Why Morgan Stanley is bearish on US equities in 2022

Investment bank Morgan Stanley is suggesting investors steer clear of US equities in 2022.

Their strategy team cited fading monetary support and high equity valuations as reasons for reducing allocations to US assets next year, despite improvements in growth and moderating levels of price inflation.

Instead, the strategy team suggests investors could find better returns in Europe and Japan.

They say that fundamentals are more attractive in both regions due to more patient central banks and lower inflationary pressures.

The annual investment outlook from Morgan Stanley described likely challenges for investment markets next year. Andrew Sheets, who leads the strategy team, said:

“We think that 2022 is really about ‘mid to late-cycle’ challenges: better growth squaring off against high valuations, tightening policy, rambunctious investor activity and inflation being higher than most investors are used to.

“We see plenty of challenges, including downside to the S&P 500 and US 10-year yields being well above forwards.”

The predictions from Morgan Stanley are the latest from investment banks as they look ahead to 2022, following a year of solid equity gains and bond selloffs.

It seems that rising prices are the most significant threat being considered by strategists.

Goldman Sachs said last week that it is forecasting less impressive growth for risk assets next year due to a maturing economic cycle.

But Morgan Stanley is expecting the S&P 500 index in the US to finish next year at 6% lower than current levels, at 4,400 points.

They also forecast a rise in 10-year US Treasury yields, rising to 2.10% by the end of next year, up from their current level of 1.55%.
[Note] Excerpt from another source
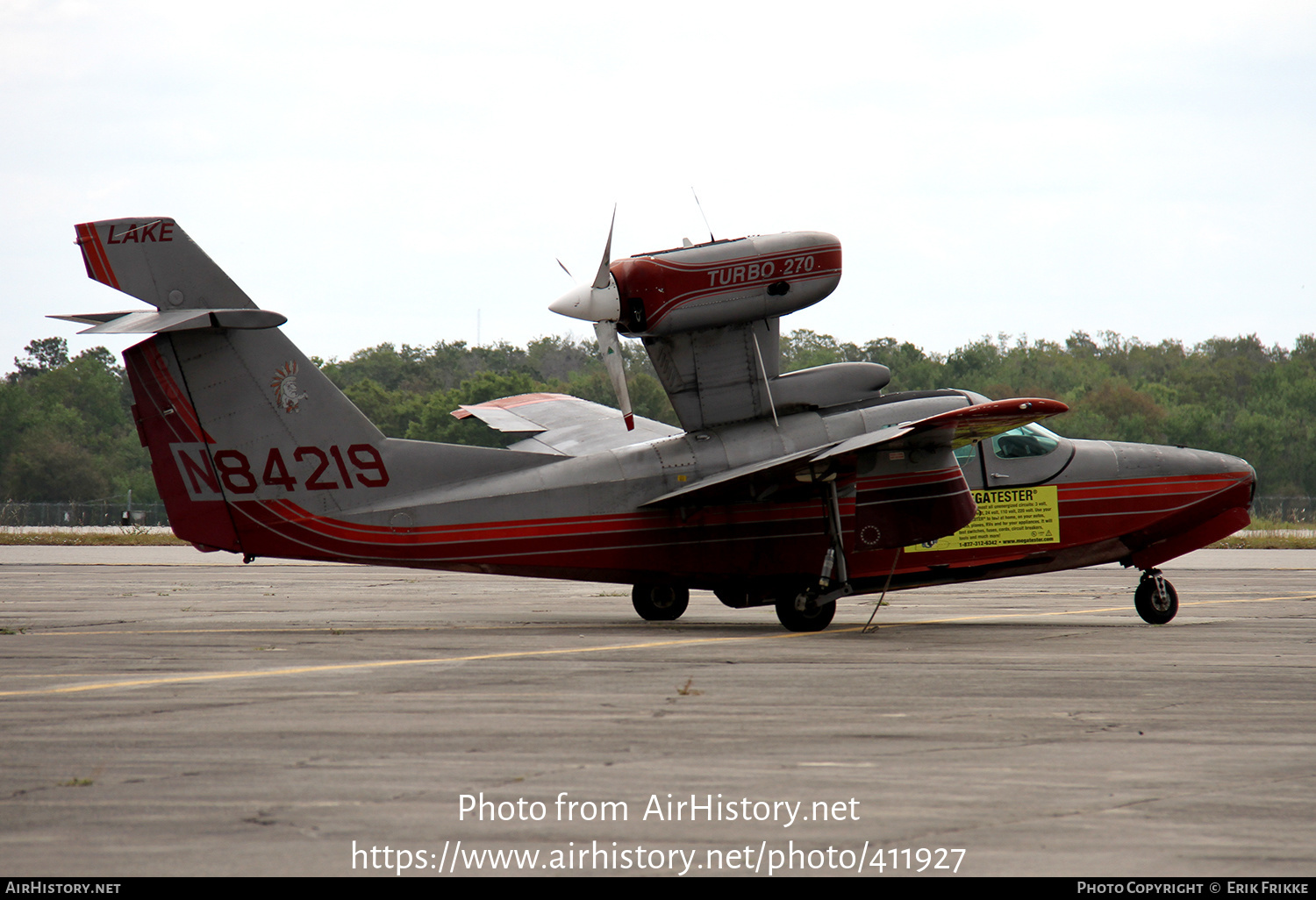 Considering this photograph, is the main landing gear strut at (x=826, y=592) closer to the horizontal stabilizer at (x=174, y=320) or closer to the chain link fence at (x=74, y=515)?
the horizontal stabilizer at (x=174, y=320)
Another forecast from the bank is for global inflation to peak this quarter before moderating over the next year due to easier year-on-year price comparisons and reduced supply chain pressures.

The strategies at Morgan Stanley believe a “hotter and faster” recovery will continue, driven by strong consumer spending and business investment.

These forecasts come at a time of debate around US monetary policy, with Morgan Stanley believing the US Federal Reserve will hold interest rates until 2023.

The note says that these delays to interest rate rises will eventually prompt US dollar weakness, following a period of strength.

Away from developed markets, the strategy team urged investors to remain patient, waiting for US dollar weakness to materialise before considering emerging market stocks and bonds.

In terms of commodities, they prefer oil over gold and suggest that prices for metals face a challenging year ahead.

As always, take these forecasts with a pinch of salt, as they are educated guesses at best.

When reviewing previous forecasts from all financial institutions, we have consistently seen that the actual outcome is rarely the same as the prediction.